Bestie (Photo: Wayne Webb.) The Keefer Bar

After your stomach is sufficiently lined, this block’s last stop is a classic:  the Keefer Bar (135 Keefer St.). You could sit inside and sample a house cocktail, but why not try the patio instead? The fireplace is good, and the noise level is better for conversation (are we getting old?).

As you make your way south on Main, head to  the Union (219 Union St.) for some Korean gochujang with chicken wings, then pop ’round the corner to try out food truck Le Tigre’s bricks-and-mortar  Torafuku (958 Main St.), where pan-Asian experiments are served up in an ultra-minimalist room.
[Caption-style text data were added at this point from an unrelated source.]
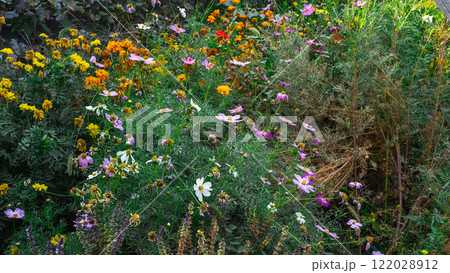 Summer landscape background with many beautiful flowers. Multicolored flowering summer meadow with Zinnia, Marigold, Cosmos, Black Eyed Susan, Midwest wildflower field. 122028912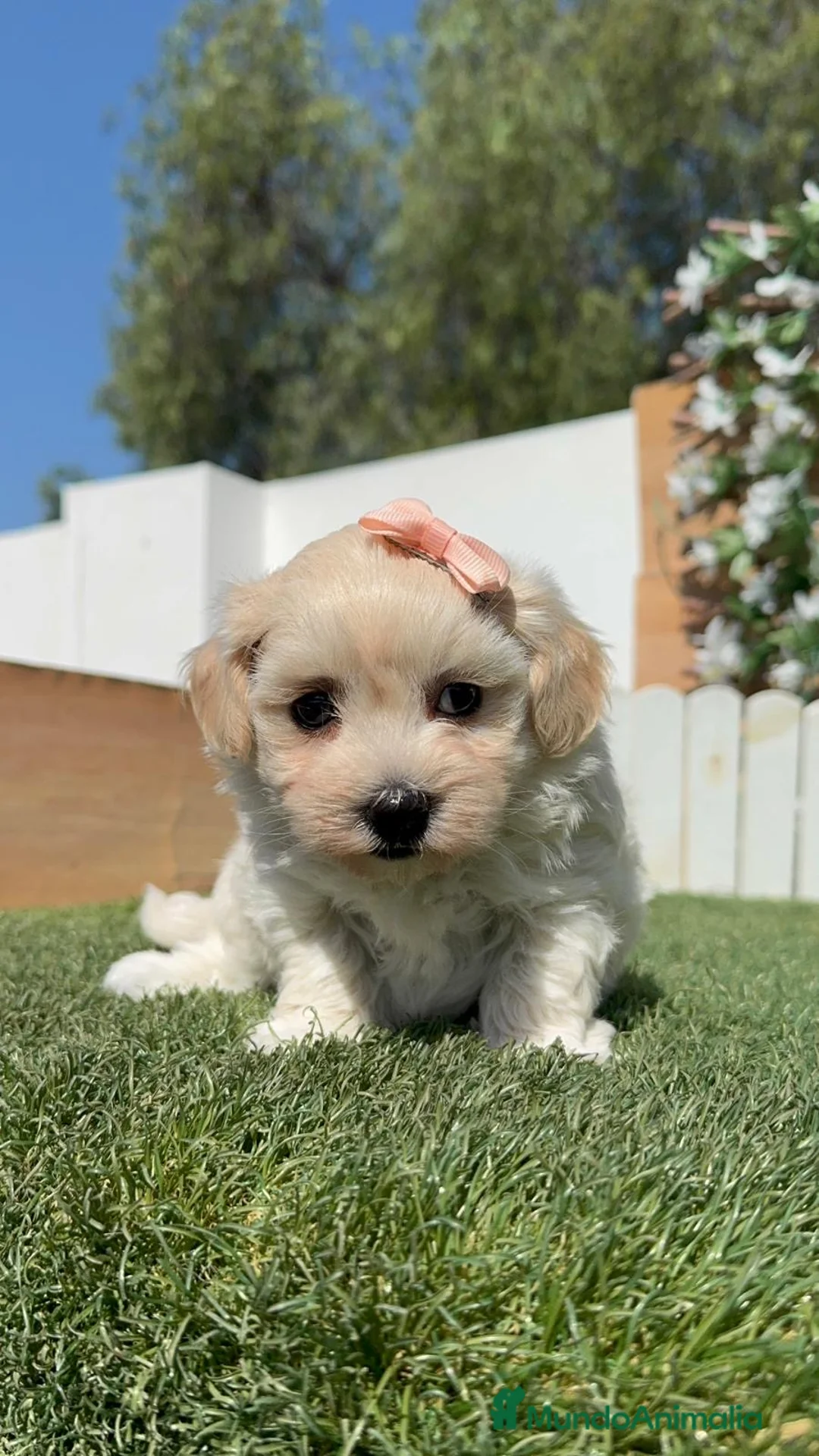 Maltipoo perros en venta: MALTIPOO HEMBRA  - Anuncio 2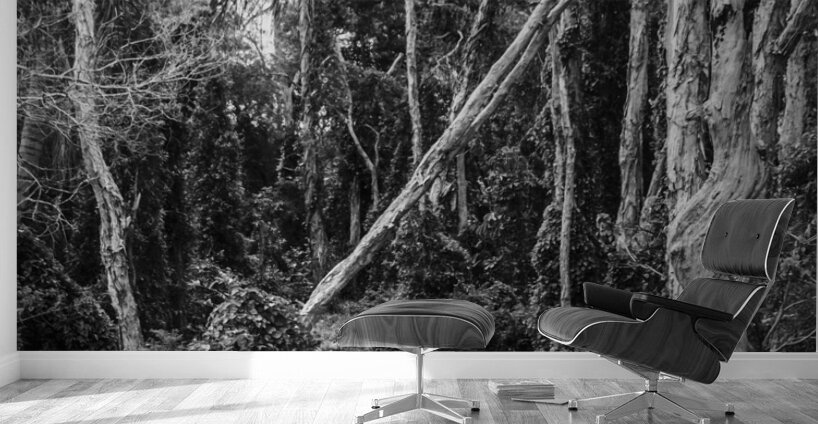 Vintage Outbacks Wall Murals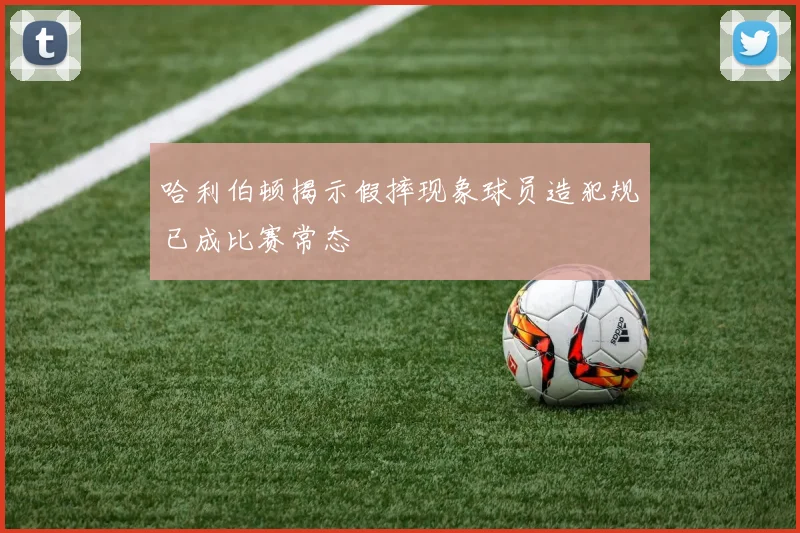 哈利伯顿揭示假摔现象球员造犯规已成比赛常态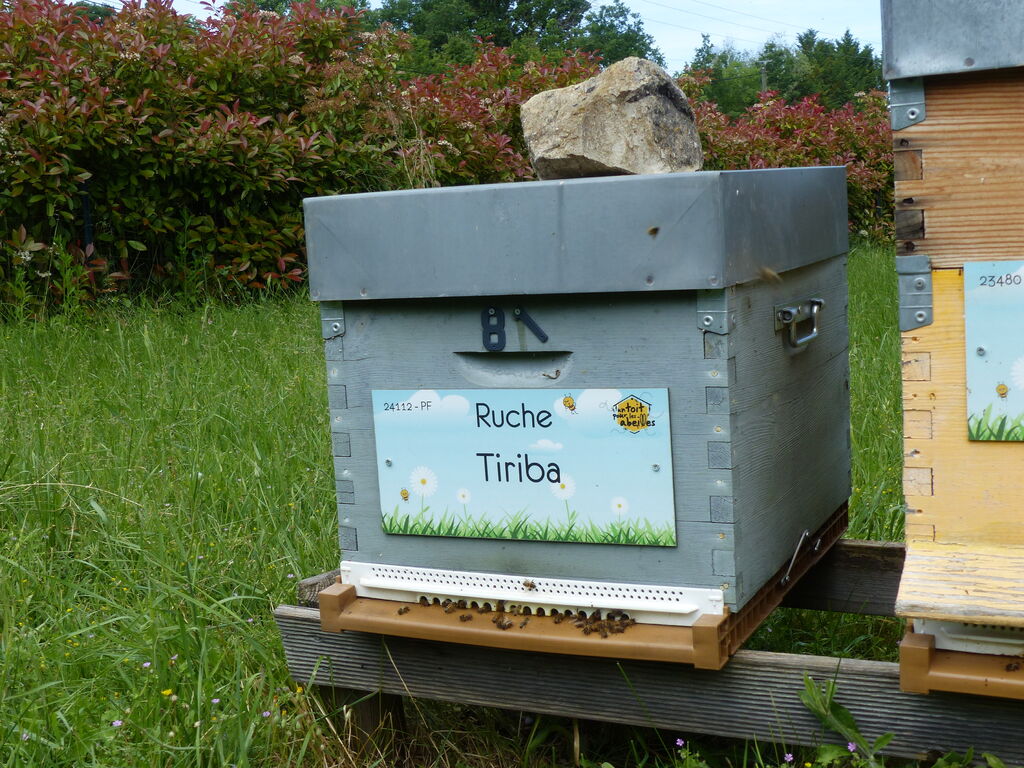 La ruche Tiriba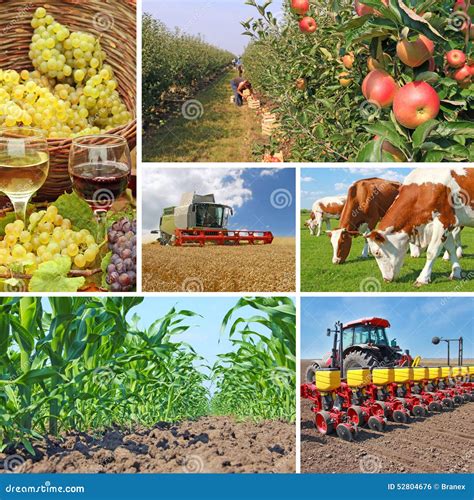 Agriculture Collage Stock Photo Image Of Corn Farming 52804676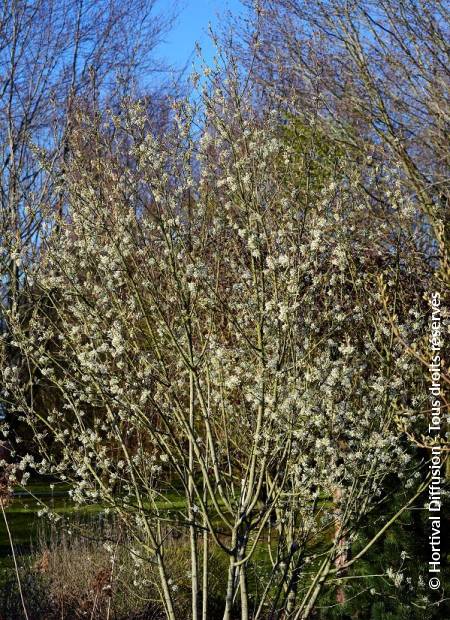 © Hortival Diffusion - Tous droits réservés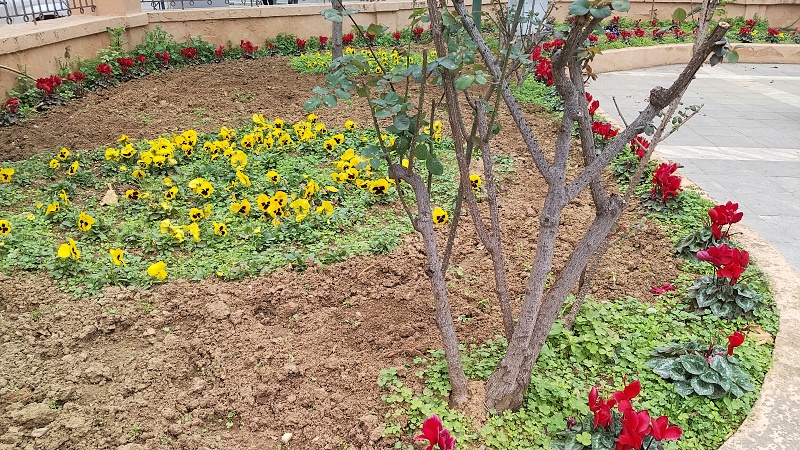 22 Leden, v noci mrzlo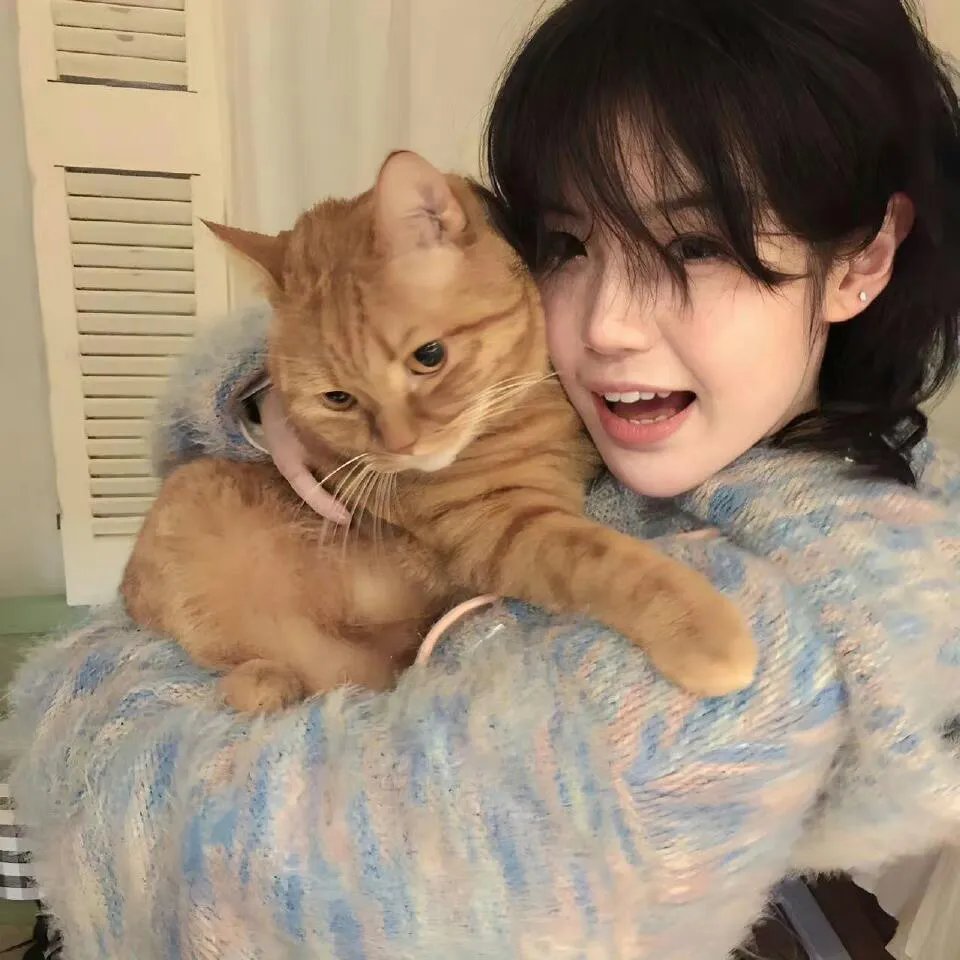 少帅的复仇女佣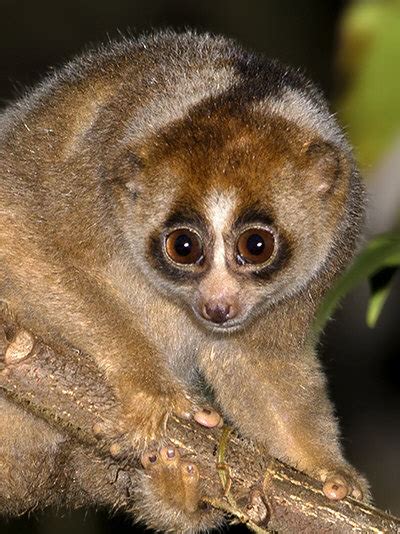 Bengal Slow Loris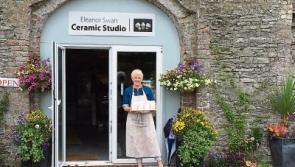 Newbridge artist Eleanor Swan wins international award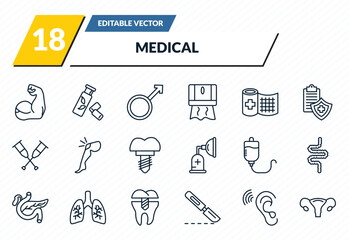 medical icons set - arm, gum, male, ear, uterus outline vector collection.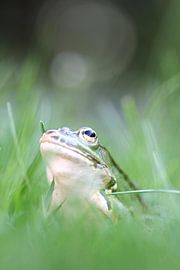 Teichfrosch van Jana Behr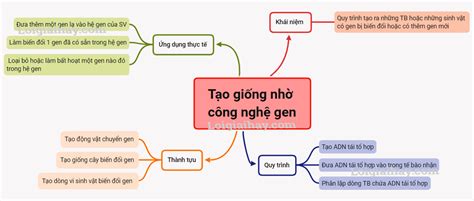 Tạo giống nhờ công nghệ gen Sinh học 12 SGK Sinh lớp 12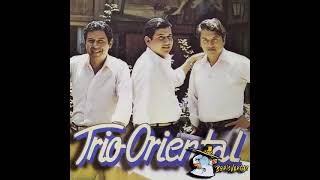 TRIO ORIENTAL EXITOS TROPICALES ENGANCHADOS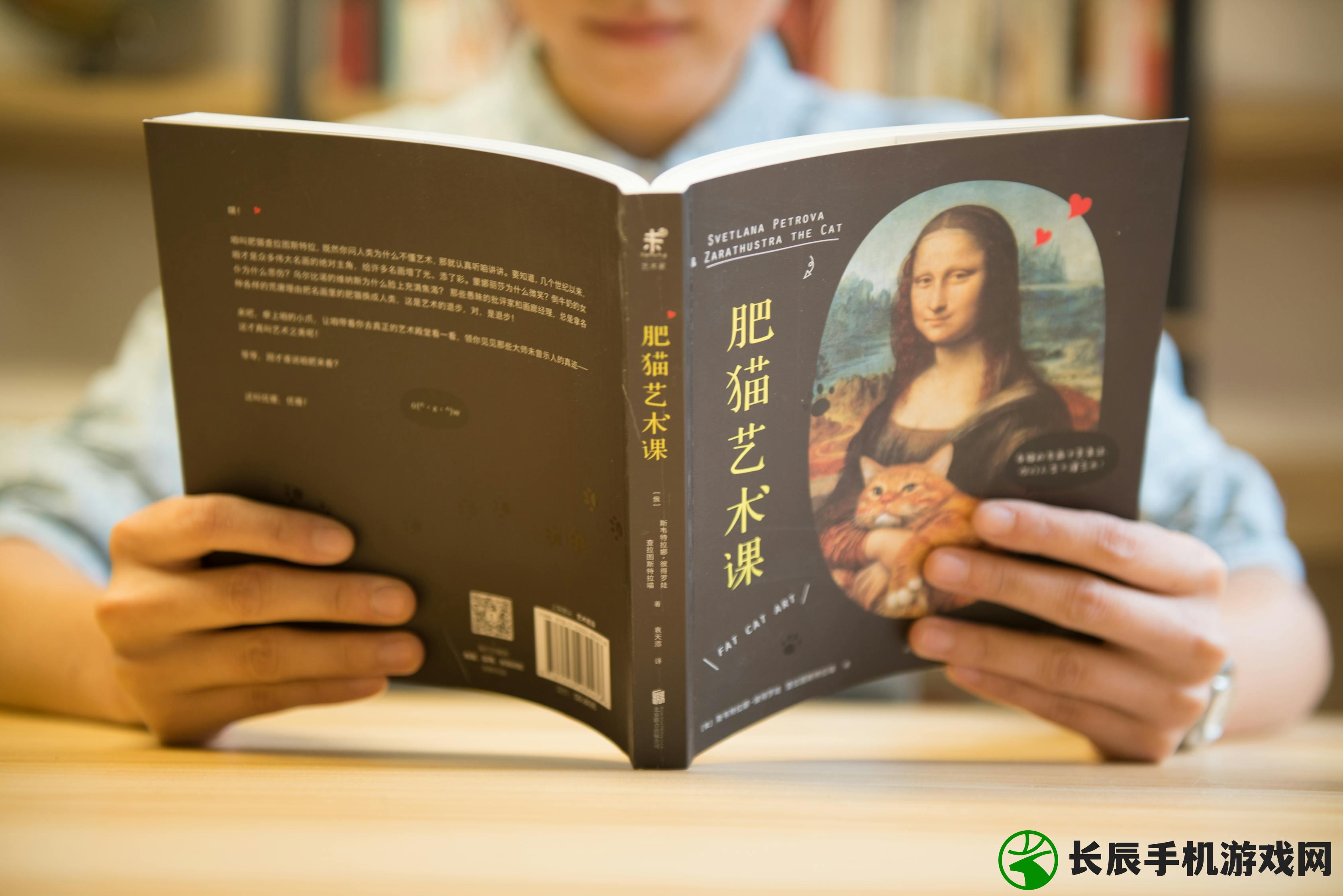 (大周列国志攻略偶遇少女)大周列国志攻略大全,游戏指南与常见问题解答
Look for the unmarked green door and stop in at  Campagnolo Upstairs (above Campagnolo Restaurant, 1020 Main St.) for a palate-cleansing (and beautifully crafted) aperitif like the tart Pegu Club.

READ MOREThe Ultimate Guide to Eating on the West Side

Juniper (Photo: KK Law.)

The east side is home to some of the best breweries in Vancouver, so why not take a tour around the dozen or so within a few blocks of each other? New player  Faculty Brewing Co. (1830 Ontario St.) has a quaint charm to its tiny room and yeasty smells that will draw you in right off the street. Walk over to  Red Truck Beer Company (295 E 1st Ave.) for its impressive decor, merch stand and pleasant-tasting flights to match.  R&B Brewing Co. (1–54 E 4th Ave.)—grab a pizza while you’re there—is en route to both  Brassneck (2148 Main St.) and  Main Street Brewing (261 E 7th Ave.), so the beer crawl can march on with ease.

Polynesian-themed cocktails await at the dark, bamboo-laden  Shameful Tiki Room (4362 Main St.)—yes, we’re still on Main Street. Order the mystery bowl, but don’t lean too close to this flaming super-sized cocktail. Then head over to vegetable-forward restaurant  the Acorn (3995 Main St.) for the divine beer-battered haloumi dish that has even carnivores joining the queue.

Slickity Jim’s (Photo: Victoria Black.) Savio Volpe

For lunch, try the thrift store-chic  Slickity Jim’s (3475 Main St.) for a soup and sandwich combo or  Don’t Argue! Pizzeria (3240 Main St.) for a spicy margherita. For some serious Italian cuisine, head southeast to where up-and-coming Fraser Street meets Kingsway and 15th Avenue (this cool hipster triangle is known simply as “Fraserhood”) and see if you can get into the always-busy  Savio Volpe (615 Kingsway) for fresh pasta and the best roast chicken you’ve ever had.

La Mezcaleria (Photo: Clinton Hussey.)

Over on Commercial Drive, order the molten-cheese queso fundido from  La Mezcaleria (1622 Commercial Dr.), because any restaurant that puts hot cheese on its happy hour menu is our kind of place. Come Sunday morning, make your way to Hastings-Sunrise and brave the lineup at  the Red Wagon Cafe (2296 E Hastings St.) for pulled-pork pancakes and breakfast banh mi, or save your appetite for lunch: albacore tuna tacos (perhaps paired with a $7 El Cesar?) at  Tacofino Commissary (2327 E Hastings St.)